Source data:
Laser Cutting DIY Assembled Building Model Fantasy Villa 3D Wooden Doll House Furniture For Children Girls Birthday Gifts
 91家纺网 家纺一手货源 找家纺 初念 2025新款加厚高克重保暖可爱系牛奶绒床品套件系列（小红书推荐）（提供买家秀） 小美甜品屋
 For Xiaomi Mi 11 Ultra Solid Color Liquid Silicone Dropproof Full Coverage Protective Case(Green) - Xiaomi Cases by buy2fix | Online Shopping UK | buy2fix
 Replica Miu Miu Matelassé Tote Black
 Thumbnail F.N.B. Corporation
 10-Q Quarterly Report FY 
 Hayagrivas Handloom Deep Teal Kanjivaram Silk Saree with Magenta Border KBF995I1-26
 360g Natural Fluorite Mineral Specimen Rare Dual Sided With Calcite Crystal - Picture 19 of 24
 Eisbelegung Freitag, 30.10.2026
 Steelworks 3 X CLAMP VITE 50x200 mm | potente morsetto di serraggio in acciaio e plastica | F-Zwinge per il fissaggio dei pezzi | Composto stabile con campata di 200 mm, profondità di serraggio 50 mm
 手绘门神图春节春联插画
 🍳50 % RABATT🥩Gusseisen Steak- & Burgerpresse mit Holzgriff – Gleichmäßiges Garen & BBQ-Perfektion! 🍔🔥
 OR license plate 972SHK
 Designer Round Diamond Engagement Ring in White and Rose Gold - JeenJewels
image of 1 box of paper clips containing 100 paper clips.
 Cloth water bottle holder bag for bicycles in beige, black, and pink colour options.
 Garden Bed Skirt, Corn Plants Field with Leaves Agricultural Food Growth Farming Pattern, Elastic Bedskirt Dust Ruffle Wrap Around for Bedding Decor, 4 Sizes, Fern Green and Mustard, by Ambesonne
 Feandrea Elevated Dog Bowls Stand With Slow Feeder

● Your task: Which lines above run from the one containing "Replica Miu Miu Matelassé Tote Black" down to the one containing "Eisbelegung Freitag, 30.10.2026"? Repeat exactly those, both ends included, and nothing else.

● Task solution:
 Replica Miu Miu Matelassé Tote Black
 Thumbnail F.N.B. Corporation
 10-Q Quarterly Report FY 
 Hayagrivas Handloom Deep Teal Kanjivaram Silk Saree with Magenta Border KBF995I1-26
 360g Natural Fluorite Mineral Specimen Rare Dual Sided With Calcite Crystal - Picture 19 of 24
 Eisbelegung Freitag, 30.10.2026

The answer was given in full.